* * *
В метро я не поехал. В киоске около входа на станцию купил "Юманите". Потом поймал такси и через двадцать минут попросил остановиться возле серого старинного здания, где уже долгие годы размещалась молодежная секция французской коммунистической партии.
Поднялся на второй этаж и открыл дверь, на которой, как и много лет назад, висела табличка: "Только для сотрудников". Та, кого я искал, сидела за огромных размеров столом, заваленным книгами, папками, брошюрами. Сидела так же, как и пять, десять, пятнадцать лет назад. Здесь было не только место ее работы, здесь было место ее жизни, она не просто заведовала архивом, она сама была архивом, справкой. Она показалась мне "в годах" еще тогда, лет пятнадцать назад, когда я в первый раз ее увидел. Шли годы, молодежные активисты обзаводились солидной внешностью, старели, а она оставалась такой же: тщедушной, будто спрессованной, сжатой, как сложенный портативный зонтик, с постоянной сигаретой в испачканных чернилами пальцах. Все ее звали "Мами", настоящего имени я уже не помнил.
Мое появление ее не удивило. Словно продолжая разговор, начатый часа два назад, она кивнула на газету, которую я держал в руках:
- Уже читал?
Я развел руками, что должно было означать: "А как же!"
- И что скажешь? Такие времена. Не видать нам второго депутата. Что куришь?
- Бросил.
Я и не начинал. Такими подробностями Мами никогда не интересовалась.
- Надолго к нам?
- На неделю.
- Что у вас там? С ума все посходили? Отказаться от того, на чем держались семьдесят лет! Глупо. Вольтеру тоже казалось, будто с церковью он разделался навсегда. И что получилось? А ваш к тому же не Вольтер. С коммунизмом не расправится.

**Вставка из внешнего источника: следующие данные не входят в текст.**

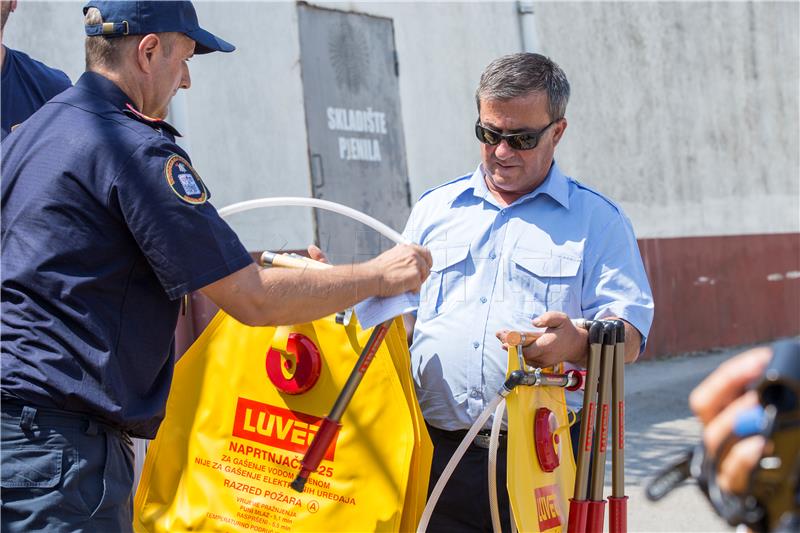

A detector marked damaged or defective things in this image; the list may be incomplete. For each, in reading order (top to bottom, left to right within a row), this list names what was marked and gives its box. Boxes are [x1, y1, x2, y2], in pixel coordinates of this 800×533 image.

rusty metal panel [300, 3, 412, 262]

Мне меньше всего хотелось вступать в теоретический диспут. На мое счастье в комнату плавно проник аккуратно подстриженный молодой человек в не менее аккуратном темно-сером костюме и белой рубашке, с модным пятнистым галстуком. Мягким поклоном головы он поздоровался с мною, положил Мами на стол толстую папку и, вежливо улыбнувшись обоим, выплыл.
Мами не подняла головы:
- Знаешь его?
- Нет.
- Наш новый по идеологии. Окончил университет, написал какую-то книгу, и его назначили нашим главным идеологом. Главным идеологом! - Она вздохнула. - Теперь главных идеологов назначают в соответствии с полученным образованием.
- Убеждения - дело наживное.
- Не ехидничай. У вас еще хуже. Вы всех своих идеологов при Сталине в лагерях замучили.
- Ну, дай вашим волю, они бы тоже не очень либеральничали.
Мами снова вздохнула:
- Пожалуй, ты прав.
В комнату просунулись два парня: долговязый с белокурой гривой и коренастый с быстрыми глазками. Увидев меня, оба весело подмигнули хозяйке:
- Мами в галантной компании! - долговязый потирал ладони.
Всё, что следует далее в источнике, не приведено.